# New Charcoal too much smoke any ideas?



## the dude abides (Aug 7, 2010)

Hey SMF'ers,

I'm using a new locally made lump charcoal.  In hindsight I should've just went and bought something different when I saw what I saw when I opened the bag.  This stuff looks like chunks of lumber that's been run through a kiln.  The bag says it's 100% oak.  The guy at the BBQ place said he used and really liked it. 

Anyhow, it's been burning for a couple of hours now in my WSM using the minion method.  I haven't added any chunks for flavoring and this thing is smoking to beat all heck.  I tried closing off the vents to choke it out a bit but that just dropped my temps.  So I opened them back up and along with the temps coming back so did the white billowing smoke. 
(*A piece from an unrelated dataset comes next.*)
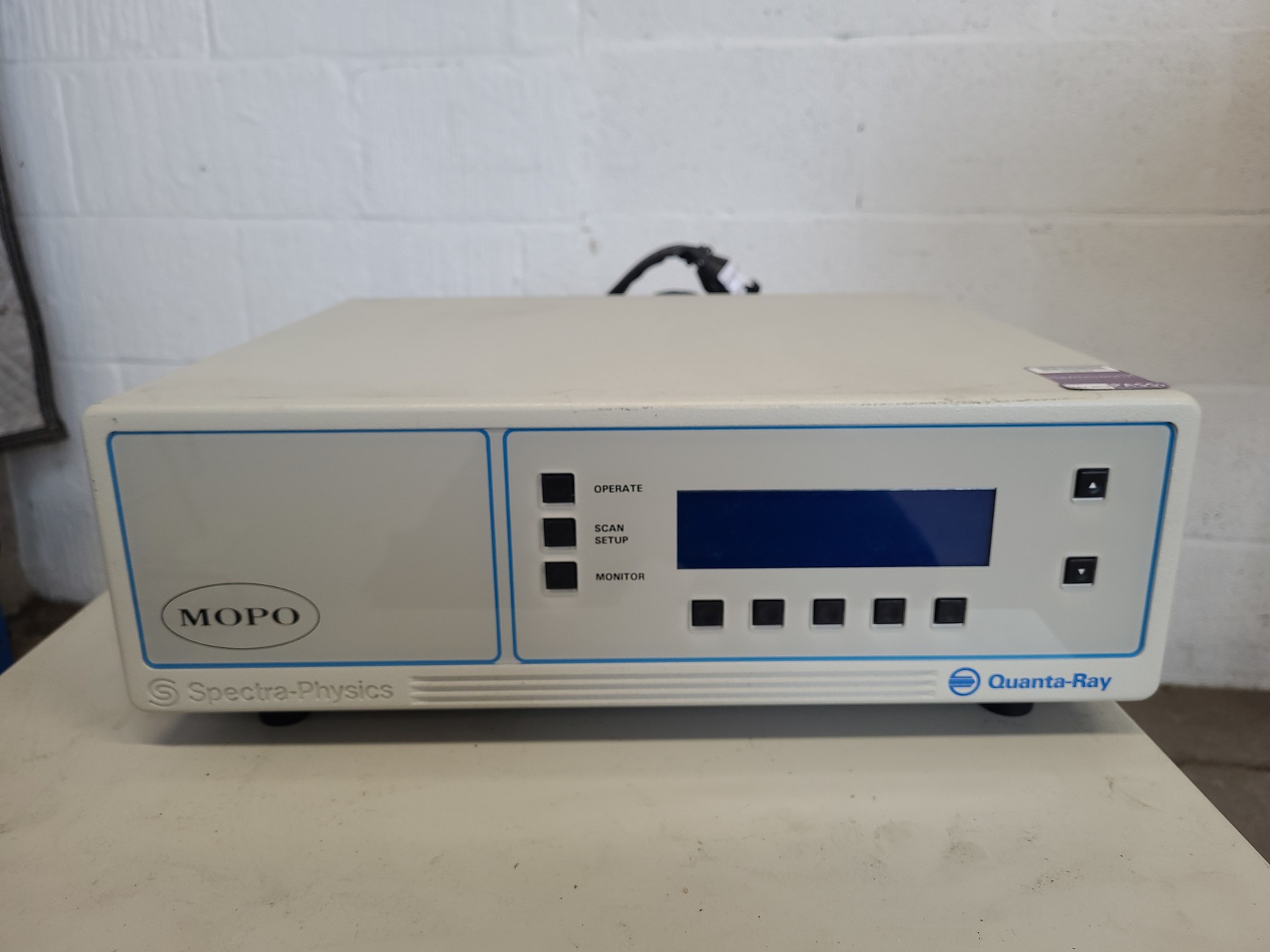 Image of SPECTRA PHYSICS Quanta Ray Lasers GCR-190, MOPO-710,  3900S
I've got 20 people coming for dinner.  I've got 9lbs of pastrami and a 5lb boneless butt on now.  I've got some split chicken breasts rubbed down to go on later and getting ready to prep a fatty or two and some SPAM (kids request).

Any ideas on killing the smoke?  I'm at a loss.

Here's a photo of the stuff if you can make it out.


----------



## the dude abides (Aug 7, 2010)

Well a little while after I made this initial post the smoke calmed down a little.  Enought that I was able to add a couple of chunks of apple to the mix.

Then a couple of hours after that.  I had to disassemble to get the chicken onto the bottom rack.  Almost instantly there were flames shooting up around my water pan.  It was apart for about 15 minutes while I went ahead and foiled the 2 pastramis and the butt and added the 2 fatties.  Then that crap started chugging out smoke like damned train.  Hopefully this can all be saved.

Cross your fingers for me.  Company should be here soon, so I'll update with qview probably tomorrow.

Out


----------



## eman (Aug 7, 2010)

Sounds like ya got ahold of some crappy chunks of coal.

 Lesson learned? Stick with the ones that brung ya.

 Glad ta have ya back and kickin Dude!!!!


----------